- Pilot name: Git Reference Implementation
- Contact person: Stefan Pröll, Kristof Meixner
- Type: research pilot
- Status: completed
- Type of data: ASCII
- Dynamics: frequent (minutes)
- Domain: Generic
- Short description: Generic approach for referencing and citing data sets in ASCII
- Solution / approach: Use git for handling the versioning. Store subset queries in Git as well or in query store.
- Timeline: 2016
- Supplementary material:
- Stefan Proell and Kristof Meixner and Andreas Rauber, "Precise Data Identification Services for Long Tail Research Data," in 13th International Conference on Digital Preservation (iPRES 2016), 2016. PDF
- Prototype at Github
- Screenshots below
RDA Data Citation Recommendations and their Application in the Git Reference Implementation
The source code management system Git is very popular in the domain of software development. Git allows to collaboratively work on files without distracting each other's work. Git takes care of the versioning of the files and allows to create separate branches, such that changes wich are made on the same files by different users are non interefering. These branches can be merged where the changes are incorporated back into a single file. As each revision of a file is stored, users can access earlier version of each file at any time. Each change of a file is unambiguously identified by a unique commit hash.

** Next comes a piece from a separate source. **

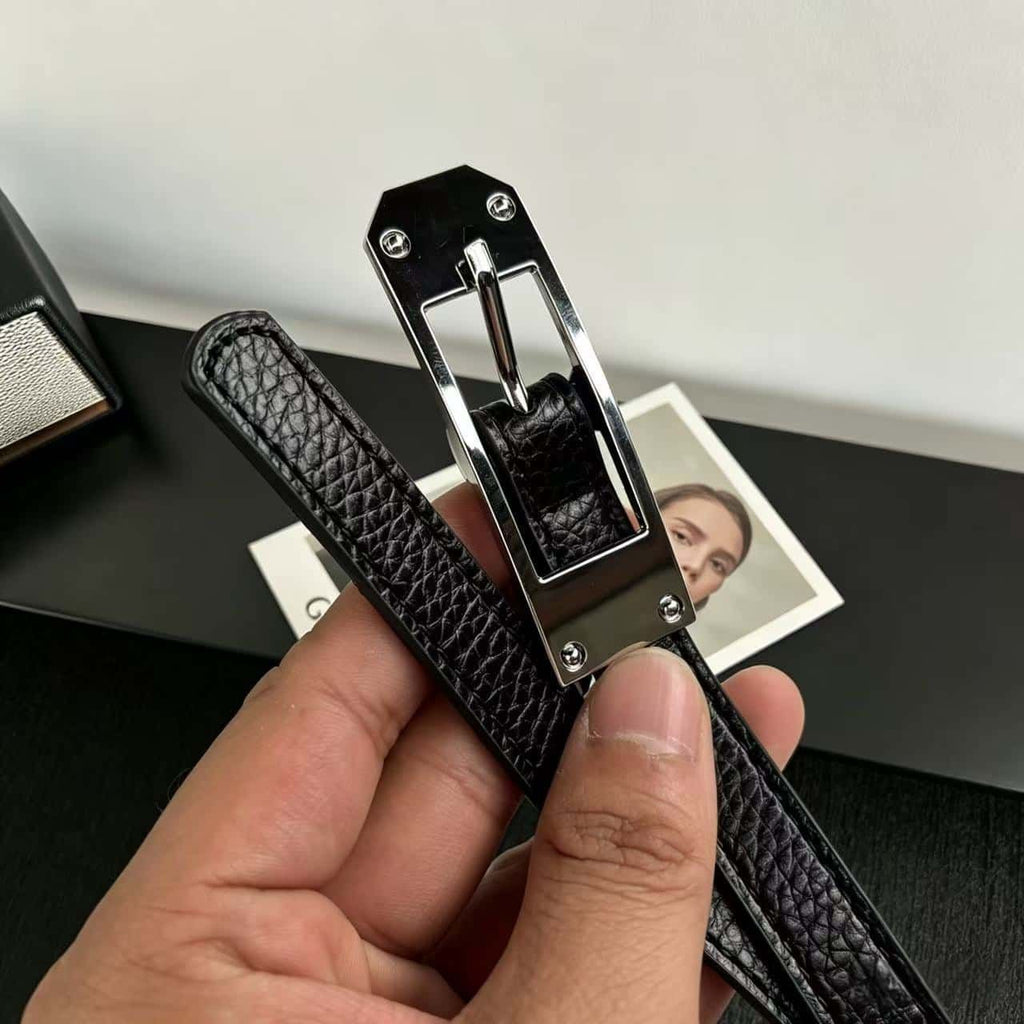 Litchi Grain Leather Belt Irregular Metal Buckle Minimalist Waist Belt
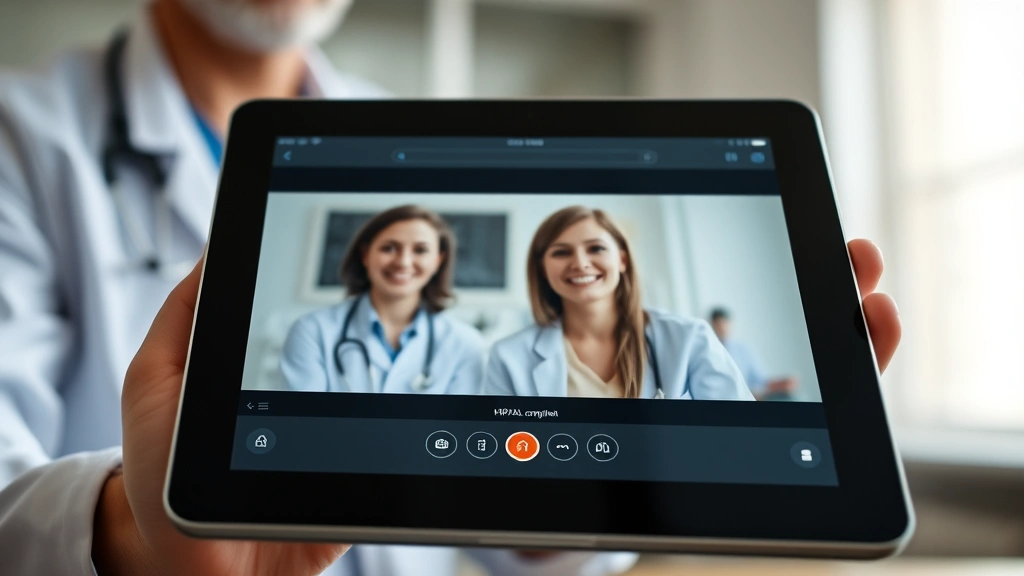 Close-up of secure HIPAA-compliant video conferencing platform on tablet device showing video call interface, professional clinical setting, technology and security elements subtle but present, no visible text or identifiable individuals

The principles used by Git in the domain of source code management can also be used for storing subsets of data in a reproduclble way. Instead of storing subsets of data in different versions as individual data exports, we only store the parent data set in a versioned fashion with Git. We can then use any query language, such as SQL, in order to create subsets of the parent data set, by executing queries in the versioned data. This allows us to create specific subsets of a potentially large data set and keep track of all changes in the parental dataset as they occur. We also store the queries as plain text in the Git repository and we create a link between the specific parent data set version and each query we want to keep. As both - the query and the data set - are versioned and uniquely identified with a commit hash, we can re-execute the query again on the desired version of the data set and retrieve the subset again as it was at the given time. This adds reproducibility for subsets of evolving data sources in a very simple way.
The users can select a data set from a list of available data sets.
Users can enter a SQL query for creating a specific subset.
The subset is shown to the user, who can then either save the subset or make refinements.
Instead of storing the subset as individual data export, the system stores the query, the commit hash, a persistent identifier and a description.
In order to retrieve the same subset again, users can select dataset and the subset via the interface and re-execute the query on versioned data.